Most Croatian-Canadians will understand when I say that figuring out my mom’s Easter bread recipe is like a solving a puzzle. No directions and all approximate amounts (od prilike) for the ingredients or po potrebi (as needed). With the help of FaceTime and a lot of questions on my end, I was able to figure out this family recipe. Overall, I was quite pleased with the results, despite the fact that a part of the bottom tore. The bread was nice and soft and reminded me so much of home.
3 loaves | 2 hours prep time | 3 hours total
8 egg yolks
1 cup sugar
2 teaspoons vanilla extract
1 packet of Dr. Oetker vanilla sugar
Lemon grinds from 1 lemon
Juice from 1 lemon
2 teaspoons Fleischmann’s active dry yeast (mix with ¼ cup warm water and 1 teaspoon granulated sugar)
¾ cup vegetable oil
1 cup warm milk
Approximately 2-4 cups of all-purpose flour (note: my mom’s recipe just says flour as needed, so I kept adding flour into the mixer until it formed a dough).
1 egg for glazing
Cooking spray for pans
1. Follow the directions for the yeast (mix ¼ cup warm water and 1 teaspoon granulated sugar and let stand for 10 minutes).
2. Mix the yolks with cup sugar; add the vanilla extract and packet of the vanilla sugar. Mix for a few minutes.
3. Add the yeast mixture and continue mixing.
4. Add grinds from lemon and lemon juice while mixing.
5. Add the cup of warm milk while mixing.
6. Add the oil.
7. Add the flour slowly to the mixer until it forms a dough. Then with a wooden spoon, knead the dough into a ball.
8. Take your dough, cover with a kitchen cloth and let it rest in a warm oven to rise for approximately 1 and a half hours.
9. Once dough has risen, remove from warm oven. Punch the dough and knead on a floured surface or use a wooden spoon to knead the dough (I had to knead the dough, my mom uses a wooden spoon so I would say do what is easier for you).
10. Preheat oven to 275 degrees Fahrenheit (or 280 depending on your oven).
11. Divide dough into three round cake pans, or corning ware bowls, or stainless steel bowls (note: if your pans are not non-stick, then spray generously with PAM or whatever cooking spray you have available)

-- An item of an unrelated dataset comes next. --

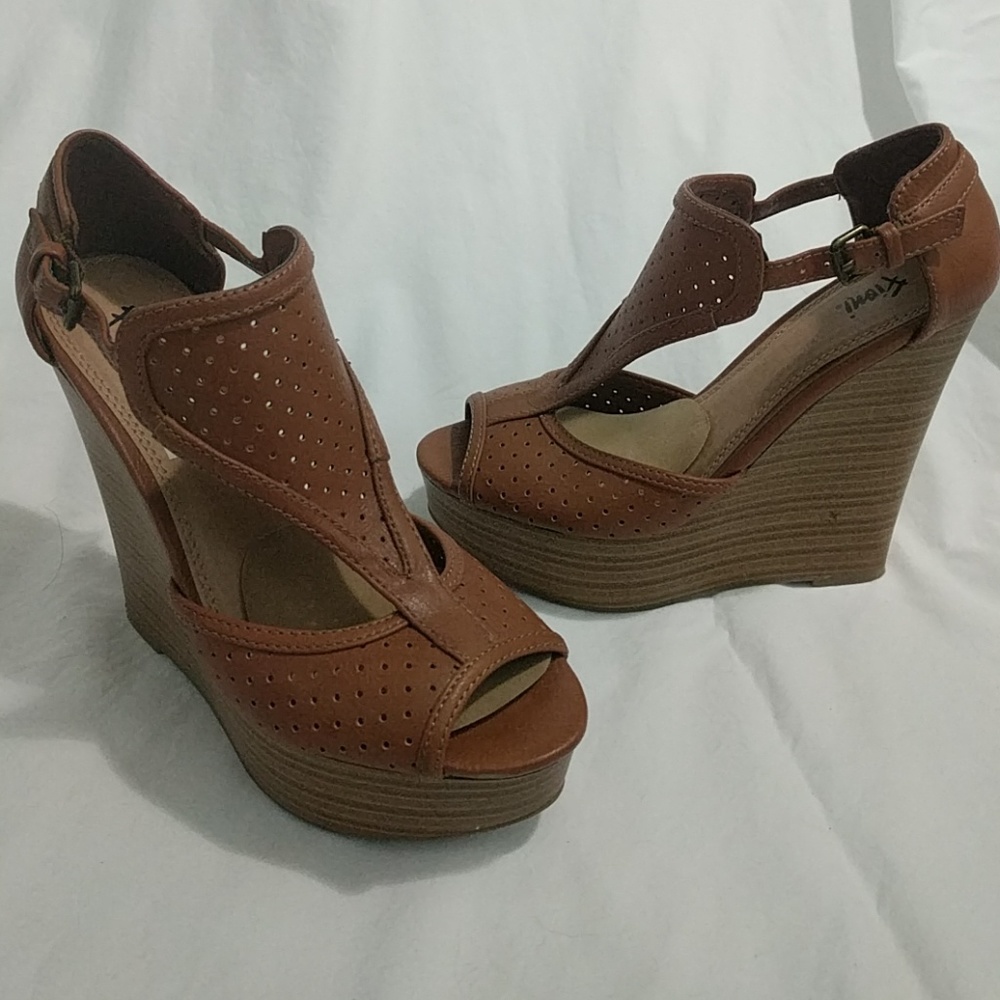 Fioni Wedge Heels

12. Crack one egg and scramble, with a brush, glaze the three loaves.
13. Place pans into oven and bake at 275 (or 280) for 15 minutes; then increase heat to 310 (or 325 depending on your oven) for 40-45 minutes.

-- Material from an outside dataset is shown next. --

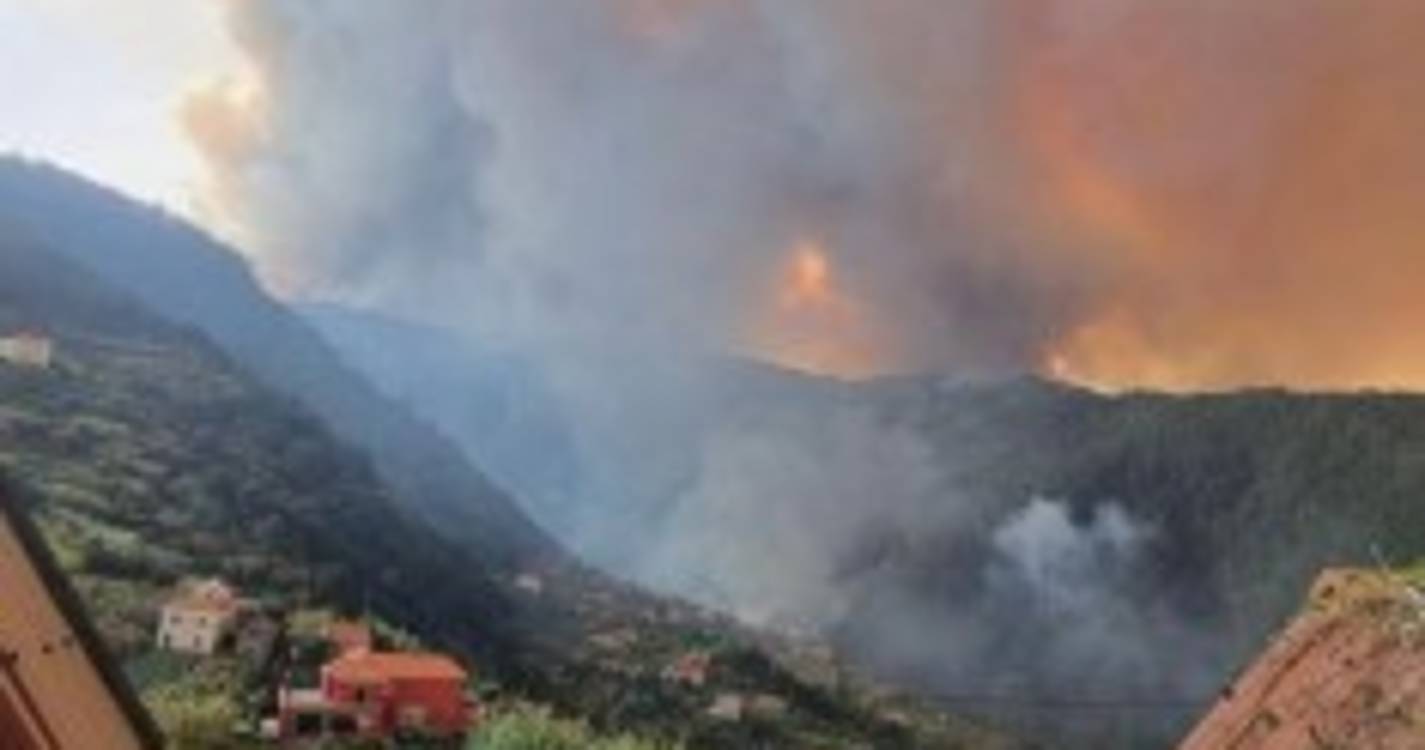 Imagens mostram fogo a chegar ao Porto Moniz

14. Remove from oven and place loaves on cooling racks to cool.
*I didn’t want to make as many loaves as my mom, so I cut the ingredients in half and still worked beautifully. I filled two small corning ware dishes and one normal sized corning-ware dish.

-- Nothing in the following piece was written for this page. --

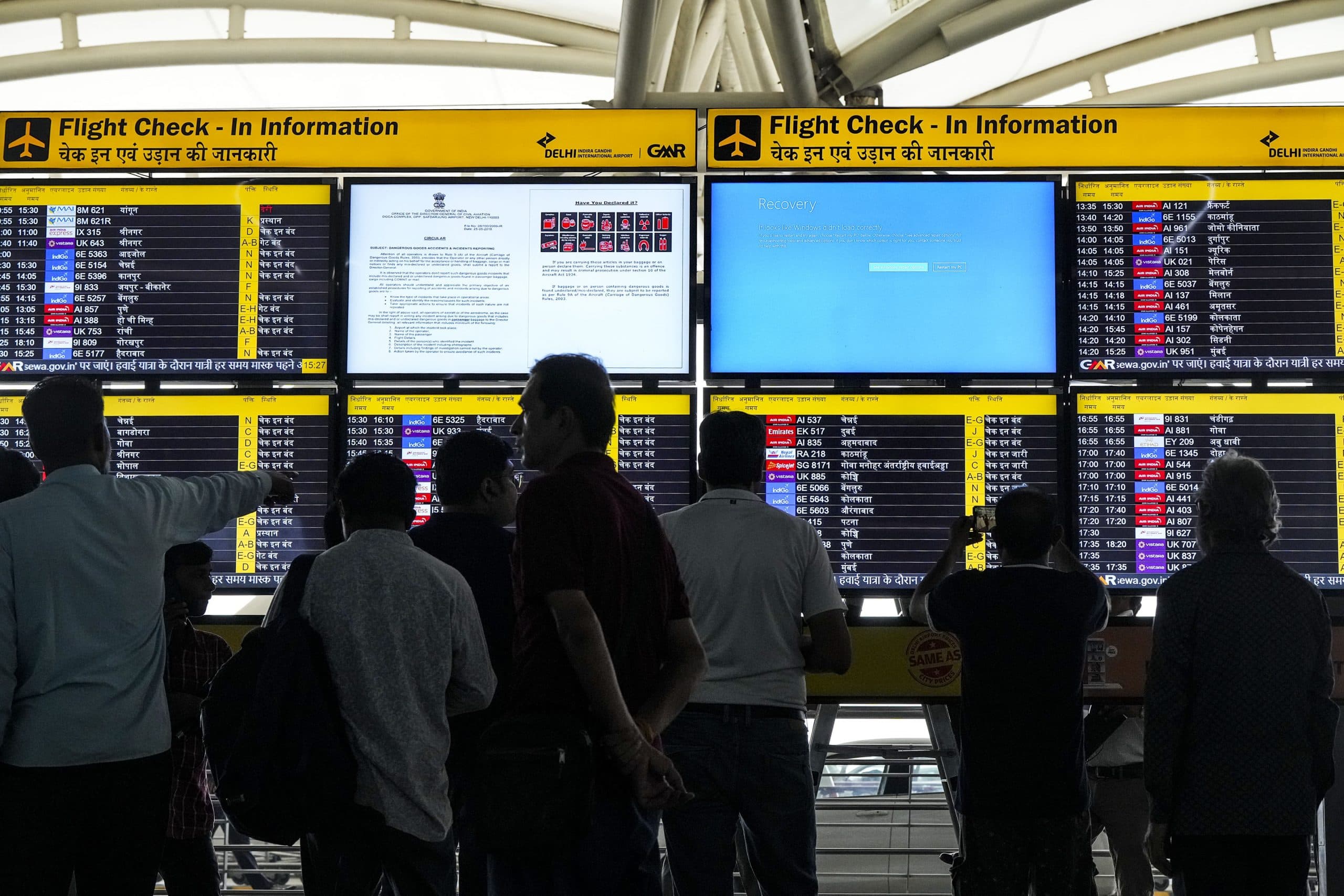 Microsoft Server Down: रुक गई दुनिया की रफ्तार, उड़ानें, बैंक, रेलवे ठप, CrowdStrike ने कहा- साइबर अटैक नहीं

**I think it would be easier in non-stick cake pans as they don’t stick; in hindsight, I should have placed mine in bread pans but my mom insists it has to be a round shape as that is traditional. As I did not have cake pans available she said corning ware dishes would be fine. I didn’t have cooking spray available, so I brushed oil on it and some of it stuck but overall it was still good!
***My mom uses a hand mixer but I used my Cuisanart stand-mixer and it turned out fine.
Wishing you a wonderful Easter. Enjoy!